• Problem details
Could you please output only the lines from the one holding "Pequeñas Tulipas Blancas, Estampado" through the end of the listing below, exactly as written and without pictures?

• Source data
#####

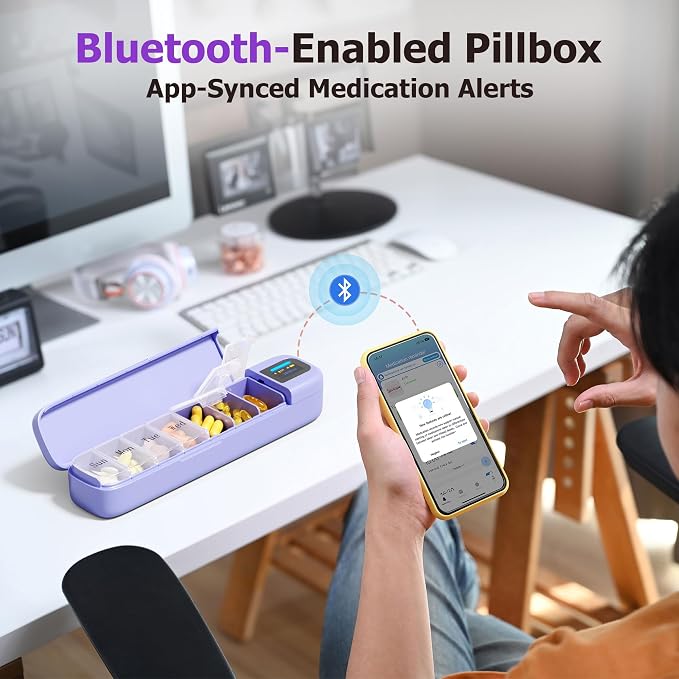 Daviky Automatic Pill Dispenser, Smart Pill Organizer with Alarm | Pill Box 7 Day with APP, Weekly Travel Pill Case, Portable Pill Reminder for Medicines, Supplements and Vitamins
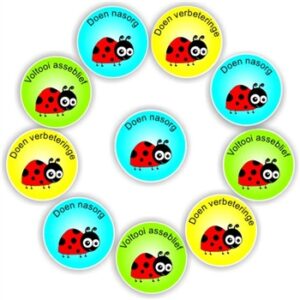 140 Afrikaans Stickers | Ladybugs : Corrective-Doen nasorg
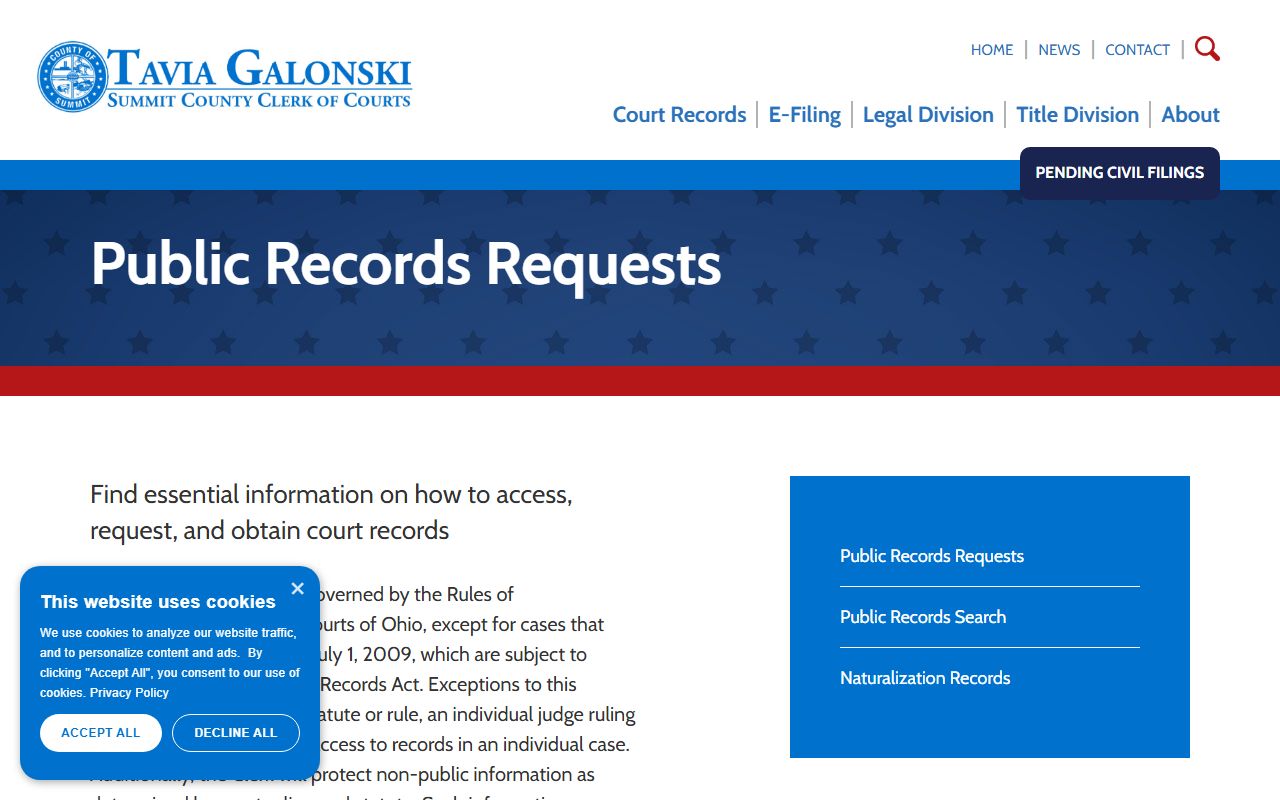 Summit County Clerk of Courts public records request instructions for court records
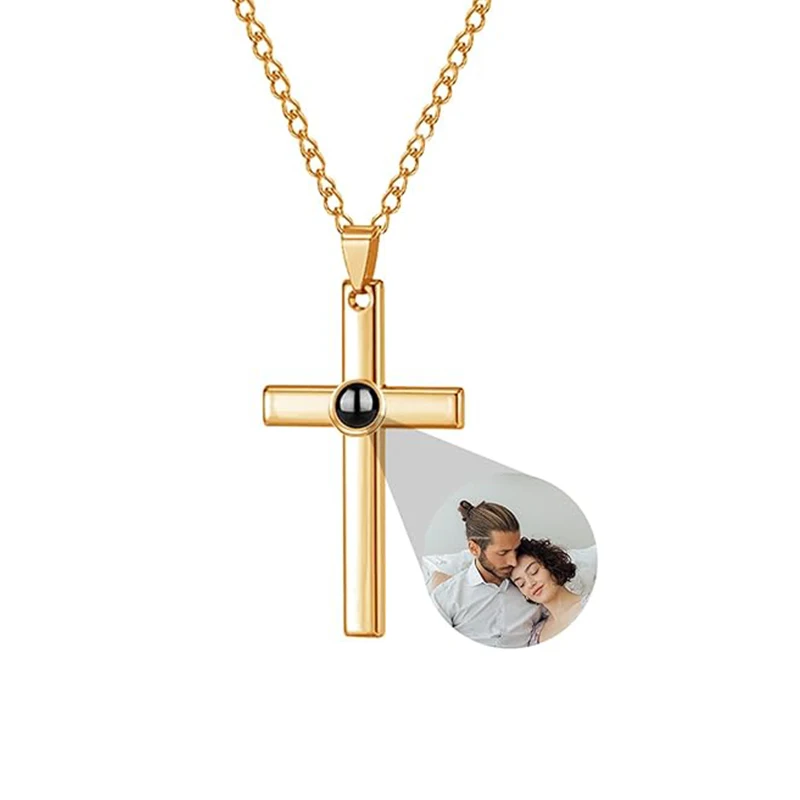 Projektions-Halskette mit Personalisiertem Foto & Text, Individuelles Foto-Kreuz-Anhänger, Erinnerungsschmuck für Frauen – Detail 13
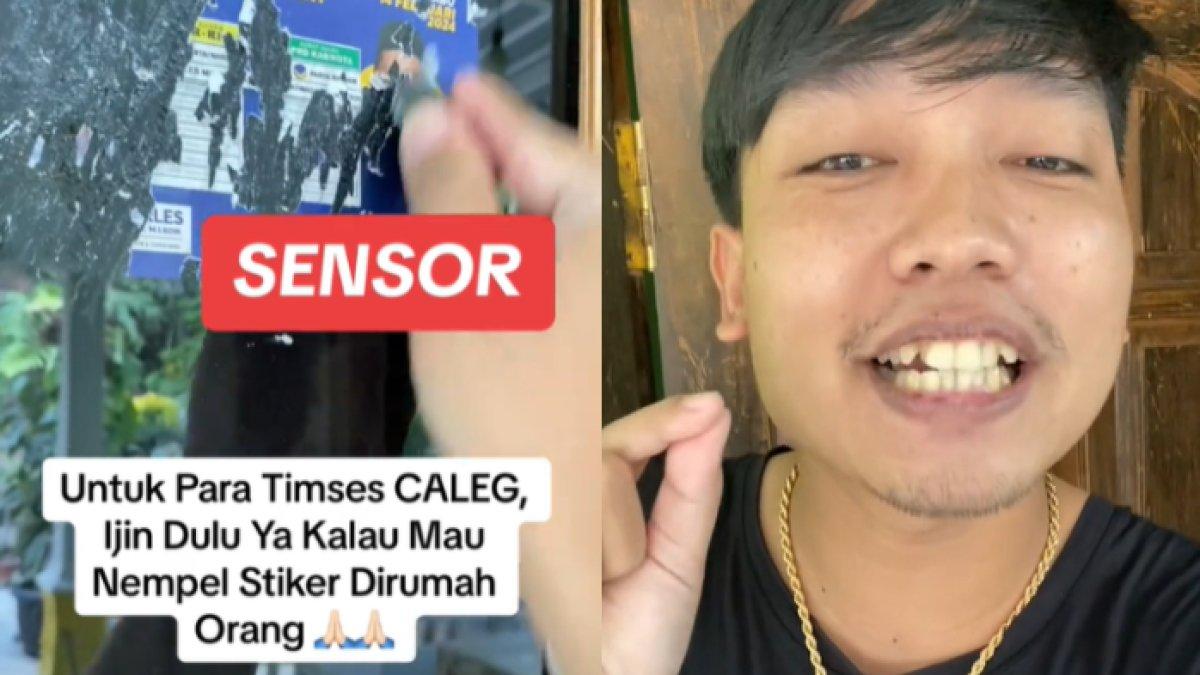 Agos Gemoy disomasi buntut videokan momen copot stiker caleg yang ditempel di rumahnya tanpa izin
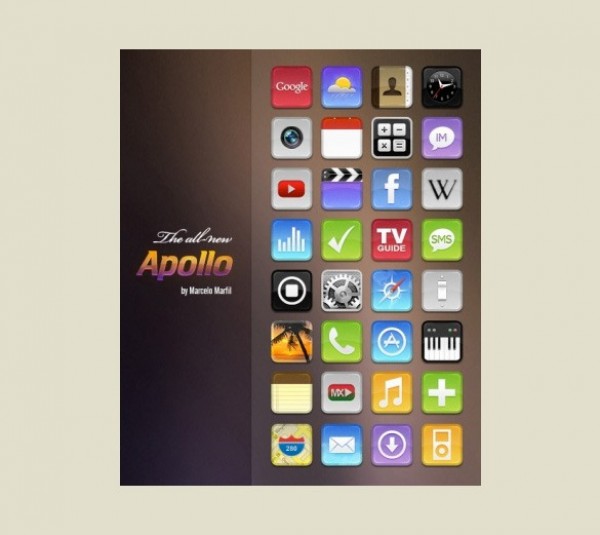 34 Colorful Apollo iPhone Icons Set PNG web unique ui elements ui stylish simple set quality original new modern iphone4 iphone interface icons hi-res HD fresh free download free elements download detailed design creative clean apollo icons apollo   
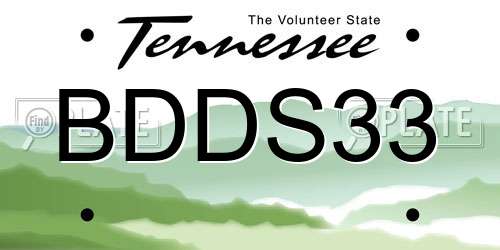 BDDS33 Tennessee License Plate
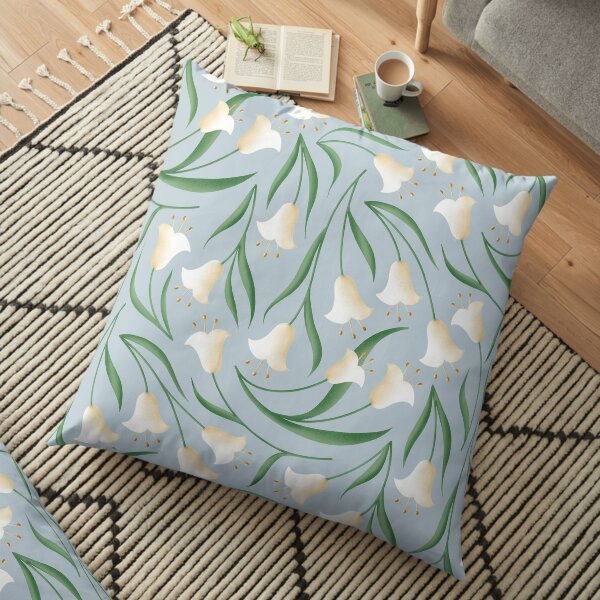 Pequeñas Tulipas Blancas, Estampado Floral con Flores Campanillas, Lirio del Valle, Ilustración Floral Cojines de suelo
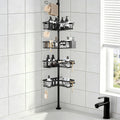 Black 4-Tier Adjustable Corner Shower Caddy D846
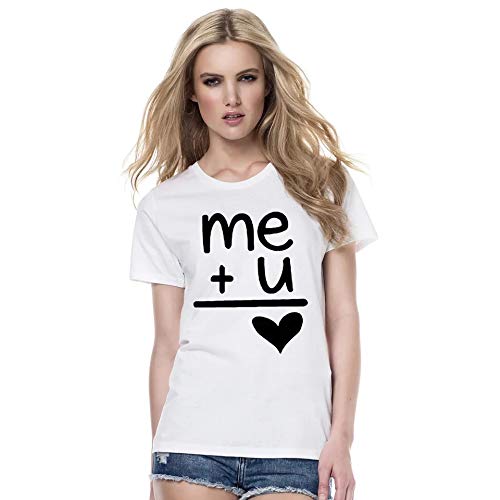 me and you is equal to us quote matching Couple T shirts- White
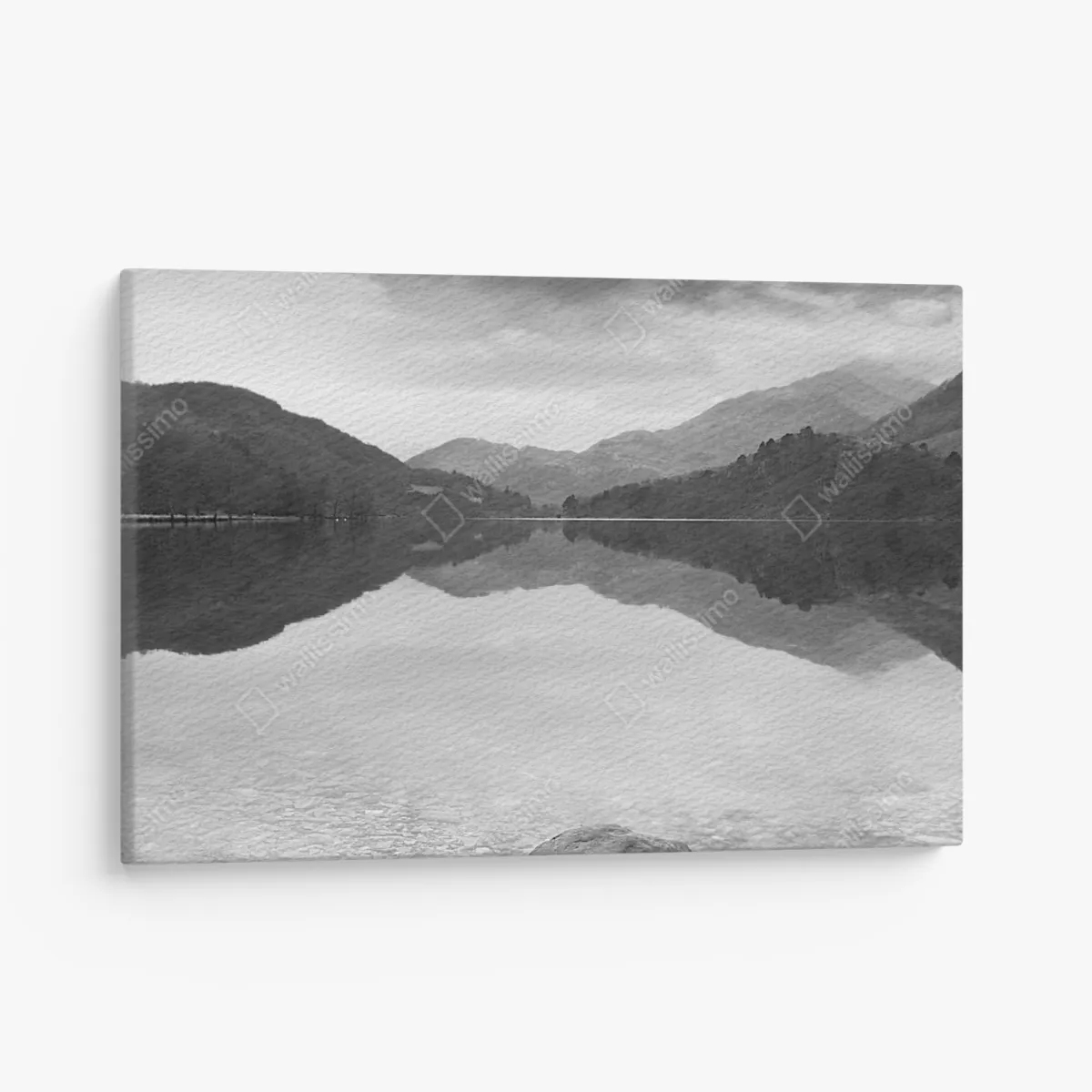 Leinwandbild ruhiger bergsee mit spiegelung – Wallnifity® Leinwandbild ruhiger bergsee mit spiegelung – Wallnifity®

#####

• Answer to this task
 Pequeñas Tulipas Blancas, Estampado Floral con Flores Campanillas, Lirio del Valle, Ilustración Floral Cojines de suelo
 Black 4-Tier Adjustable Corner Shower Caddy D846
 me and you is equal to us quote matching Couple T shirts- White
 Leinwandbild ruhiger bergsee mit spiegelung – Wallnifity® Leinwandbild ruhiger bergsee mit spiegelung – Wallnifity®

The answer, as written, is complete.